What are Sensorial skills?
The Sensorial area is home to some of Montessori’s most recognizable and ‘iconic’ lessons. Materials such the Pink Tower and the Brown Stair help the child learn how to process sensation and use one’s body more effectively within the environment. Specifically, the Sensorial area helps children turn their senses into increasingly effective and reliable tools for gathering and interpreting information. The skills developed here impact every activity that we encounter in the classroom – and life itself – and are essential for comprehending our surroundings.

“The senses, being the explorers of the world, open the way to knowledge.”
– Maria Montessori.

The purpose and aim of Sensorial activities is for the child to learn to acquire clear, actionable information from the environment and then to make decisions based on that information.
Dr. Montessori believed that sensorial experiences begin at birth and recognized that the senses play a fundamental role in the development of a child’s intellect. She created the Sensorial area to aid children in the development of their reasoning skills and to stimulate their growing intellect. Where Practical Life helps children to acquire skills needed to physically control the objects in their environment, the Sensorial area adds a more cognitive component as children now begin to bring order to those objects.
Given such, the sensorial materials serve as a scientific guide for children to clarify, catalogue, classify, and order the impressions of their environment. The goal of sensorial activities is not simply to provide children with sensory experiences, but instead to isolate one sense and highlight specific qualities, or attributes, that encourage children to refine and strengthen their use of that ‘isolated’ sense.
The Long Rods, for example, engage the visual sense and focus on the attribute of length. The rods are all the same color and the same width; the only variable is length. As children physically manipulate each rod, they get a clearer impression of this quality. Gradually, in time, they come to develop what we call a “motor memory,” which is a knowledge or understanding based on one’s physical and sensory experience.

Through work with the sensorial materials, children are given the keys to classifying their world and introduced to a new level of interaction-with (and understanding-of) their immediate environment. Montessorians today champion many benefits to work in the Sensorial area, the most obvious being that it:
- Expands neural pathways and aids in neurological organization;
- Trains and refines the senses (and thus helps to build the intellect and develop abstract thinking);
- Creates order and clarity in the child’s world;
- Further develops Order, Concentration, Coordination, and Independence;
- Develops an appreciation for beauty, attention to detail, and creativity; and
- Can assist adults in the early detection of defects in the function of a child’s senses.

Dr.
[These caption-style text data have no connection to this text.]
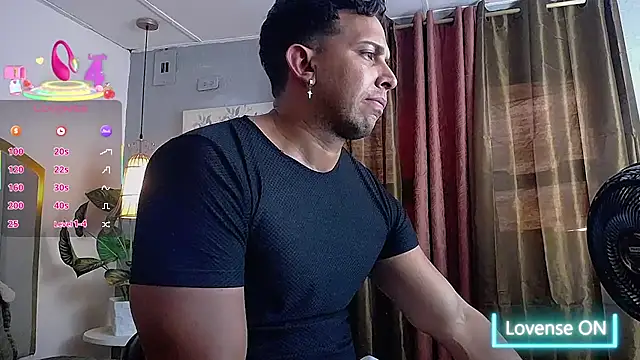 Snapshot of randy_paterman_ chatting on June 12, 7:13 pm randy paterman online show from June 12, 7:13 pm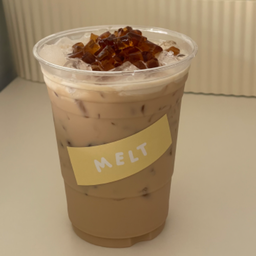 milk tea (with brown sugar jelly)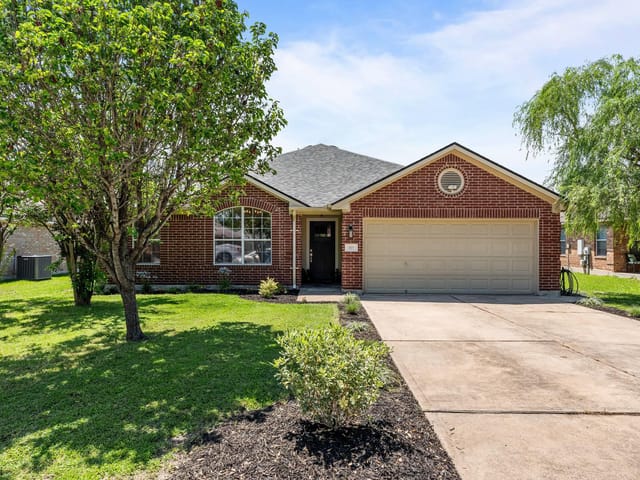 113 Hanstrom DR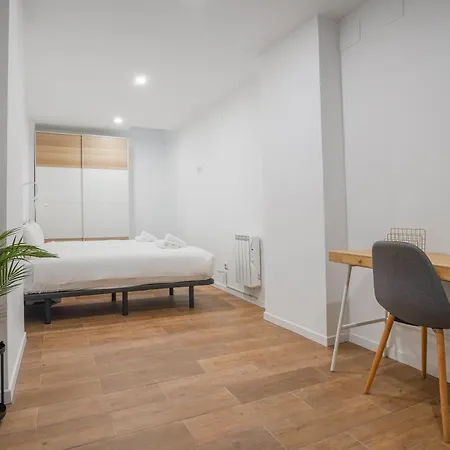 Stylish Triplex-2bedrooms 2bathrooms-ventas Apartment *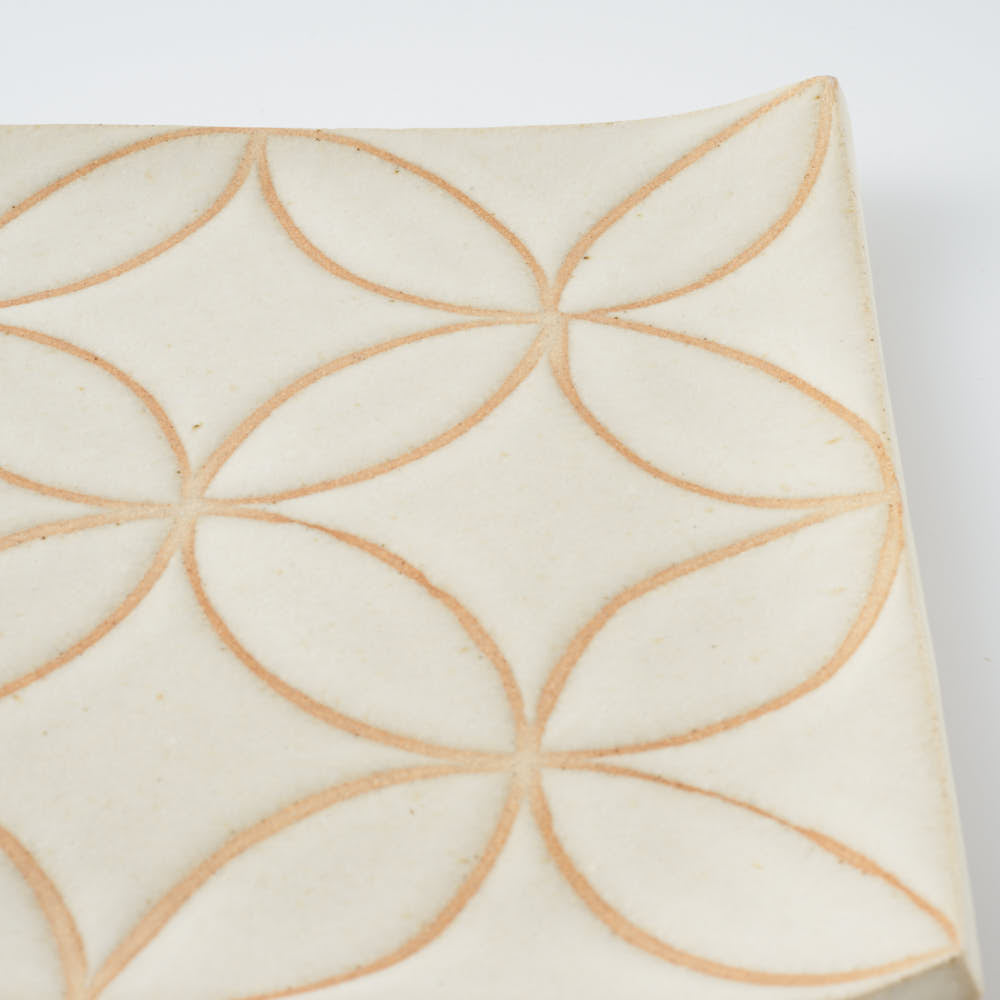 作家 エヴァンズ高田寛子 REC L-FLOWER Eggshell(白) 作家 エヴァンズ高田寛子 陶磁器作家もの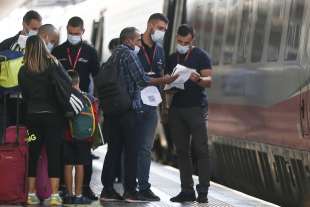 controlli green pass alla stazione di roma 9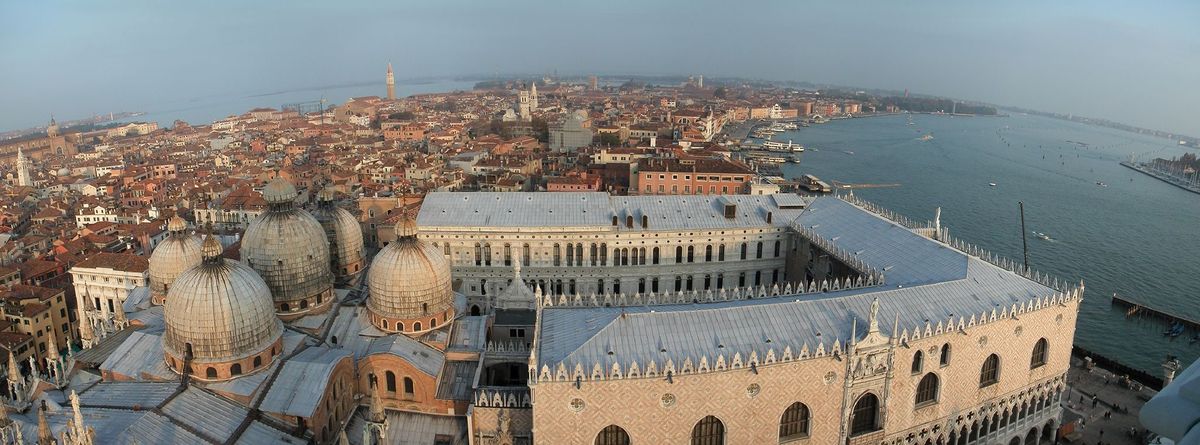 Panorama Dožecího paláce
Montessori designed sensorial exercises to stimulate our ability to perceive through our senses and categorized them into eight distinct groups: visual, tactile, baric, thermic, auditory, olfactory, gustatory, and stereognostic.
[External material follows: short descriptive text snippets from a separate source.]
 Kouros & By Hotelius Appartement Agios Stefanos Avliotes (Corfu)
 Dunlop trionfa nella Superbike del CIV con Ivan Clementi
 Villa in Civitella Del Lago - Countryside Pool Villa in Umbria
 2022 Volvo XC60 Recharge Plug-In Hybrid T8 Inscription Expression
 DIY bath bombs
Unlike those in the Practical Life area, the materials in the Sensorial area are not ones that are familiar or recognizable from everyday life. Instead, they are specially designed for the Montessori child.
In truth, Montessori’s materials for the Sensorial work came from her own observations and from ideas and materials from the French doctors Itard and Seguin. Unlike the material used for Practical Life, this material has either never been seen or never been used by the child in his everyday life. Sensorial material is not something children have preconceived notions about, but is rather something “new” for teachers to introduce. Accordingly, the material is carefully presented in a specific way or in a specific pattern: the child learns to match the similar things, then he is shown how to grade the material based on its quality, and then he receives the language related to his work.
Sensorial materials were designed according to similar principles:
- They isolate one quality that is to be worked with.
- They have a ‘control of error’ that allows children to make the corrections themselves.
- They are simple in appearance and esthetically pleasing. This is intended to attract attention to the objects and allow children to manipulate the materials with ease.
- They must, by design, be ‘complete.’ A child who is working with sensorial material must be able to ‘complete’ the lesson without having to stop and find a missing piece.
- They are limited (in multiple senses of the word). Sensorial materials are limited in that there is only one of each lesson in the environment and limited in that not all of one quality or piece of information is given to the child. The child is not given every color in the world, but only a select few. This gives the child the keys to the information so it peaks his curiosity and leads him to learn more out of his own interest.
- They are all what Dr. Montessori referred to as “materialized abstractions.” Each material clearly and concretely demonstrates abstract mathematical concepts, such as diameter, height, width, length, area, and volume and are often organized according to a base-10 system that will be further explored in the Mathematics area.
The Sensorial area is Montessori’s home to exercises in perception, observation, fine discrimination, and classification that play a major role in helping children to develop logic and concentration.